At this rate I’m only posting once a month. I wish I could commit to more, but things are really crazy! I’ll get there.
There are currently so many things happening all the time and then you remember: there’s still a pandemic and we might be on the brink of WW III.
Anyway, Hope and I go on vacation in 25 days.
We’ve both been battling a bit of the blues lately. I think mine is related to work juggles and hormones. Hope’s blues are related to some social issues she’s wrestling with. I noticed things shifted a few weeks ago. I didn’t say anything; I just kept an eye and ear out. I reminded her that she could talk to me without judgment. She declined. As the lead up to my annual conference bore down on me, I could see her withering a bit like a flower. The week of the meeting–everything was a blur.
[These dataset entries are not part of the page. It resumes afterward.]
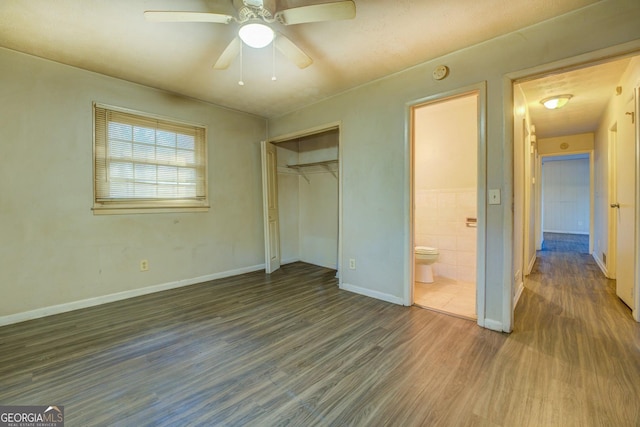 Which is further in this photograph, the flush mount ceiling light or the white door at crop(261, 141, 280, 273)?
the white door at crop(261, 141, 280, 273)

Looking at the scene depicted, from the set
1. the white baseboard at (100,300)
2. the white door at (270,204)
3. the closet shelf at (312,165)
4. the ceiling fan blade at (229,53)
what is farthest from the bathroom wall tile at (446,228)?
the ceiling fan blade at (229,53)

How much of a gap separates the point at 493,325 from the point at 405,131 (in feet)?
6.33

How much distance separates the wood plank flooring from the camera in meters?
1.34

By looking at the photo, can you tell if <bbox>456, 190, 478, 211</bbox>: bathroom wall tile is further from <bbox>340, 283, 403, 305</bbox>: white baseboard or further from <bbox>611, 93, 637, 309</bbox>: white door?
<bbox>340, 283, 403, 305</bbox>: white baseboard

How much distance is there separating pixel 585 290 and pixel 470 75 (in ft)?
9.78

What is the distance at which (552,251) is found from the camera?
5605 millimetres

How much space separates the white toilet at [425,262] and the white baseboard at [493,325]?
1.15 meters

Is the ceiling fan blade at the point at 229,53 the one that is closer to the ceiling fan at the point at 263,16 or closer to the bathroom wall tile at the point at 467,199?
the ceiling fan at the point at 263,16

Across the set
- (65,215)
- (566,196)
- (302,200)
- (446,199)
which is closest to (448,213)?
(446,199)

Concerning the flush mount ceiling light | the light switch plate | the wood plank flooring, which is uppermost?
the flush mount ceiling light

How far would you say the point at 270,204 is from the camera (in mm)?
4094

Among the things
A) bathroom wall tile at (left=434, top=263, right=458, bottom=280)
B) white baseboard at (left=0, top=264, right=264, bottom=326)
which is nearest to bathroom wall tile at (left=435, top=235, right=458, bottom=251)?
bathroom wall tile at (left=434, top=263, right=458, bottom=280)

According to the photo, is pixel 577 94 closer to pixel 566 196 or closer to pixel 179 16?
pixel 179 16

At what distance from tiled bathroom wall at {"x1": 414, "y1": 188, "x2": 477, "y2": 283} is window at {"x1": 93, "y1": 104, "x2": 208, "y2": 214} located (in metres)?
3.13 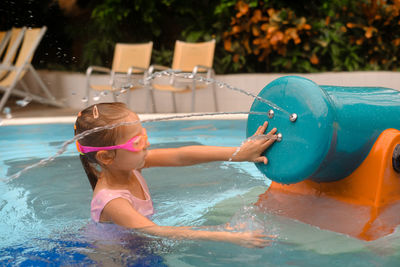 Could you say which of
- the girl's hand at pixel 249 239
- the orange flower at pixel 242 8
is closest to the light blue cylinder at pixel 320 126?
the girl's hand at pixel 249 239

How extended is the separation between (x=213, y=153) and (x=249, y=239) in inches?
16.6

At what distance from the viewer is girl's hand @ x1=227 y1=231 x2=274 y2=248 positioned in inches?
75.4

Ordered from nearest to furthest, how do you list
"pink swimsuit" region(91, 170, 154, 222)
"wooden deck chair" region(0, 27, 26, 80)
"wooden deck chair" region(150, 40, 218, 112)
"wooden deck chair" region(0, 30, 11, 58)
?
1. "pink swimsuit" region(91, 170, 154, 222)
2. "wooden deck chair" region(150, 40, 218, 112)
3. "wooden deck chair" region(0, 27, 26, 80)
4. "wooden deck chair" region(0, 30, 11, 58)

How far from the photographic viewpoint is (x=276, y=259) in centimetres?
186

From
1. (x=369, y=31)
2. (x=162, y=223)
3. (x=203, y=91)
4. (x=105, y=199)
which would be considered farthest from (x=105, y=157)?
(x=369, y=31)

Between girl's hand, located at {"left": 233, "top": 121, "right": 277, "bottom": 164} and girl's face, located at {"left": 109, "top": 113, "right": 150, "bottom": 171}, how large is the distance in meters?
0.39

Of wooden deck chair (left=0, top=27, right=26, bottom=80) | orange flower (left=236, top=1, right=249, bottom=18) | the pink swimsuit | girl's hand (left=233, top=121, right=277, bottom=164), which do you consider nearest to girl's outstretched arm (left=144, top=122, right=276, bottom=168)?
girl's hand (left=233, top=121, right=277, bottom=164)

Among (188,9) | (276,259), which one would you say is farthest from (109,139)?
(188,9)

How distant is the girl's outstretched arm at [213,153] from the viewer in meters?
2.09

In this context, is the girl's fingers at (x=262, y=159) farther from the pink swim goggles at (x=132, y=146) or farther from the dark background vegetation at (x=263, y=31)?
the dark background vegetation at (x=263, y=31)

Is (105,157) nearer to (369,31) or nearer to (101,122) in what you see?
(101,122)

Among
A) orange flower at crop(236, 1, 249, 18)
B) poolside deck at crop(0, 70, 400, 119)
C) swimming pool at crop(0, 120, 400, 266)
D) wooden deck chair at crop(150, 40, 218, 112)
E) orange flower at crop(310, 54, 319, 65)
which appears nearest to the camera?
swimming pool at crop(0, 120, 400, 266)

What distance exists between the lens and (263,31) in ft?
23.2

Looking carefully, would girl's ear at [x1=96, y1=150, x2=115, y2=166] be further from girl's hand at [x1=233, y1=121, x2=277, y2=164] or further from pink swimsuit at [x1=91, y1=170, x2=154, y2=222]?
girl's hand at [x1=233, y1=121, x2=277, y2=164]
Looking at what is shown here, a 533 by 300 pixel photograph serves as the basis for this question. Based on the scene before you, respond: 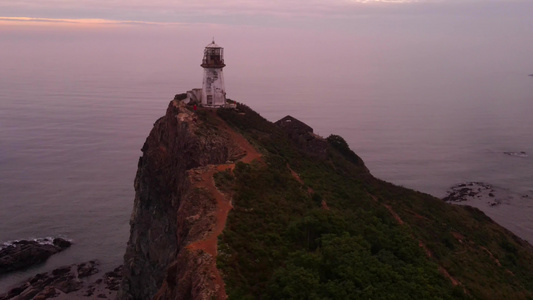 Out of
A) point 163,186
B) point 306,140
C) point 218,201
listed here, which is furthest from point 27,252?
point 218,201

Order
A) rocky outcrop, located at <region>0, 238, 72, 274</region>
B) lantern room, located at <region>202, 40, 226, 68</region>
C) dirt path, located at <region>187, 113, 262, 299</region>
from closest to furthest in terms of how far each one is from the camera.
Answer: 1. dirt path, located at <region>187, 113, 262, 299</region>
2. lantern room, located at <region>202, 40, 226, 68</region>
3. rocky outcrop, located at <region>0, 238, 72, 274</region>

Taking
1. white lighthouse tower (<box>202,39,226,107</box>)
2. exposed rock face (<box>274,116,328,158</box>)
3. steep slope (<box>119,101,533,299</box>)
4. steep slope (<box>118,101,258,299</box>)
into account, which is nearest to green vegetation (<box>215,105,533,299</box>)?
steep slope (<box>119,101,533,299</box>)

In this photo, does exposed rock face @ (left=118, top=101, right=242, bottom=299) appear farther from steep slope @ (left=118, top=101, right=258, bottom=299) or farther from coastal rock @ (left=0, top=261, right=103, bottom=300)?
coastal rock @ (left=0, top=261, right=103, bottom=300)

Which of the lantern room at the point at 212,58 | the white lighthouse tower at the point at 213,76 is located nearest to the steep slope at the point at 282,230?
the white lighthouse tower at the point at 213,76

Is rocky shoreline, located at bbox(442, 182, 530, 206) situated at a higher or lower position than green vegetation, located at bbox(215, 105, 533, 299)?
lower

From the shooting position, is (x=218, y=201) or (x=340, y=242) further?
(x=218, y=201)

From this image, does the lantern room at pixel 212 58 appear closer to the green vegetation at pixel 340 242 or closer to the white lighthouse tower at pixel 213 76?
the white lighthouse tower at pixel 213 76

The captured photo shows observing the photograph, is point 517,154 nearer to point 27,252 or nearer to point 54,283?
point 54,283
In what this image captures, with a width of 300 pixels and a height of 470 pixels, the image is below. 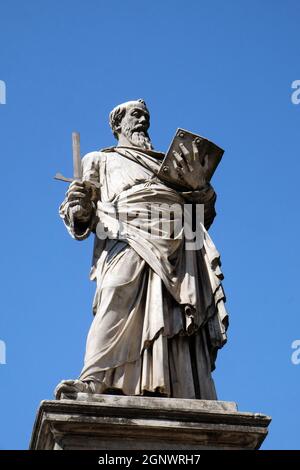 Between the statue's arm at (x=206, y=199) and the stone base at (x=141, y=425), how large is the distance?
9.89ft

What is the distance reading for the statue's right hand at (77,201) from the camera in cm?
1209

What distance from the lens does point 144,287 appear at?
11.5 m

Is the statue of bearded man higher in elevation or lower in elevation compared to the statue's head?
lower

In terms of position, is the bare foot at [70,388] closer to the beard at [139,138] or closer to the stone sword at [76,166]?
the stone sword at [76,166]

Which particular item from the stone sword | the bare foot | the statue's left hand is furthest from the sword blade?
the bare foot

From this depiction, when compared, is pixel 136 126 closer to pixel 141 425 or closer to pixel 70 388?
pixel 70 388

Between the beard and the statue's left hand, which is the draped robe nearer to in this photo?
the statue's left hand

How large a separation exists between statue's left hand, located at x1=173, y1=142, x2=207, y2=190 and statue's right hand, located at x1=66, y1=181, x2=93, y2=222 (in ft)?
3.84

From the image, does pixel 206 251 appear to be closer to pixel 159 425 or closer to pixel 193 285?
pixel 193 285

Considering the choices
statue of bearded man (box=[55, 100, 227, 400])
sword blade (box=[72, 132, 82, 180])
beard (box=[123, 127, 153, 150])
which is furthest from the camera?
beard (box=[123, 127, 153, 150])

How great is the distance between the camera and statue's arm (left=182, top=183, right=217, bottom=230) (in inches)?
495

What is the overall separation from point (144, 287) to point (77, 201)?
137 cm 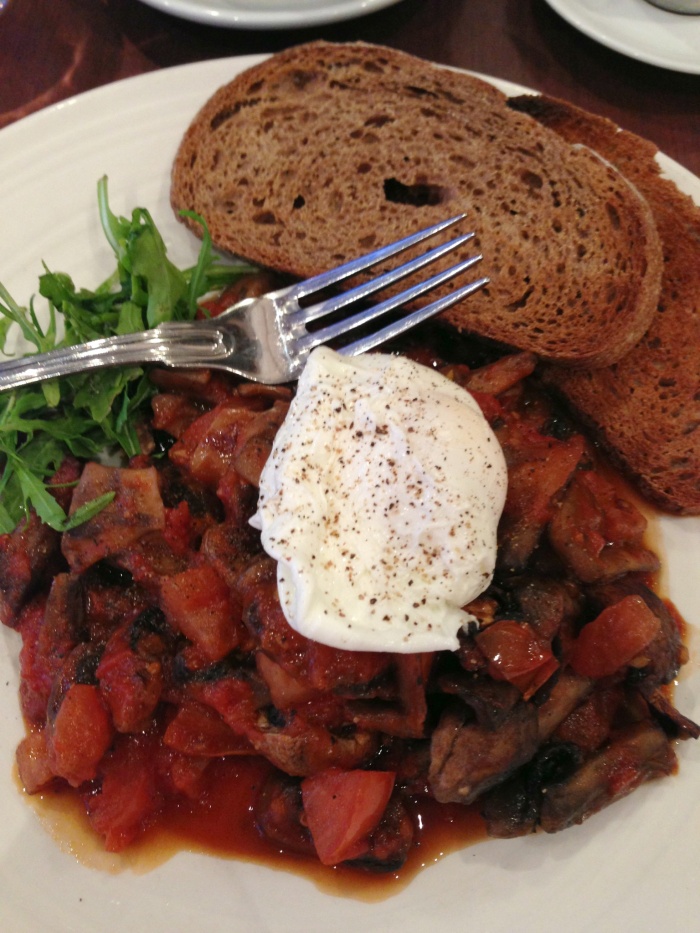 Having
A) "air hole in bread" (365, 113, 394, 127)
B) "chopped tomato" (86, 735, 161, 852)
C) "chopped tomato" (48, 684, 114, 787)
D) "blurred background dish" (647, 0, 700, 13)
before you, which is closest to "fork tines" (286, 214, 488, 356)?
"air hole in bread" (365, 113, 394, 127)

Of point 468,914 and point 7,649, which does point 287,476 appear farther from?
point 468,914

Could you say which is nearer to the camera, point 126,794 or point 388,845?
point 388,845

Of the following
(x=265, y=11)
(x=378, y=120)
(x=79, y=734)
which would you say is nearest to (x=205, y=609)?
(x=79, y=734)

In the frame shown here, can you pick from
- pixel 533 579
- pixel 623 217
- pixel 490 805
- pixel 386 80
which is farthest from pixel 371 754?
pixel 386 80

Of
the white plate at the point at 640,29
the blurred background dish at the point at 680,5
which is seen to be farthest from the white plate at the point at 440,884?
the blurred background dish at the point at 680,5

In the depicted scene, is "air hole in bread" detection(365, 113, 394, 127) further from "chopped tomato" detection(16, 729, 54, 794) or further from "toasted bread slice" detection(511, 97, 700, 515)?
"chopped tomato" detection(16, 729, 54, 794)

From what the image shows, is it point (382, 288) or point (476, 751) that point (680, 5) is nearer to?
point (382, 288)

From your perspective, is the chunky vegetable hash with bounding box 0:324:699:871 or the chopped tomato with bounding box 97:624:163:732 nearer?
the chunky vegetable hash with bounding box 0:324:699:871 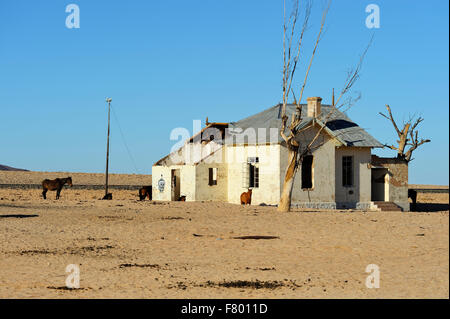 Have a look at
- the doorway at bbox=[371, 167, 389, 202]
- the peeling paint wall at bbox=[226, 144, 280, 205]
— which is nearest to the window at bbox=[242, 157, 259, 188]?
the peeling paint wall at bbox=[226, 144, 280, 205]

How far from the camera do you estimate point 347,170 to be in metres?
32.2

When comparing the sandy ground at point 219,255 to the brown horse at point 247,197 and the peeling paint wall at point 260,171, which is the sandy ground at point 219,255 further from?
the brown horse at point 247,197

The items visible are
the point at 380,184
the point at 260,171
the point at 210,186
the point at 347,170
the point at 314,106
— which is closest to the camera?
the point at 260,171

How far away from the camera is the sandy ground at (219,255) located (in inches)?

But within 24 hours after the meeting I was ready to call the therapist, the psychiatrist, and the PC doc. Things had declined fast. We eventually talked about it and even though I was worried, I saw my daughter express herself better. I saw her tell me what she was feeling and why. She engaged in healthy self-protection behaviors. I saw someone who was suffering, but this Hope had more tools and better coping skills.
I’m always proud of Hope, but I made a point to tell her I was proud of how she was handling things even though I know she felt kinda shitty.
I still called and made the psychiatrist appointment today. I’m super proud of her, but we both think she could use some help with brain chemistry as she works through some things. But wow has this kid grown recently. It is the coolest thing to realize; it really is.
Hope commented today that it didn’t feel like we had been together 9 years as a family. I asked her how long it felt; she said, I don’t know, just not 9 years.
I’m pretty sure it’s the specificity of the number. Some days it feels like we’ve always been a family. Other days, it feels like the time is moving so quickly that it just couldn’t really be that long. Layer pandemic time on all that and it just feels like a long, comfortable time.
So, yeah, that’s what we’re doing: having a time. Living, working, studying, teaching Yappy how to talk using AAC buttons, dating (both of us are dating and that it a hoot), and just living.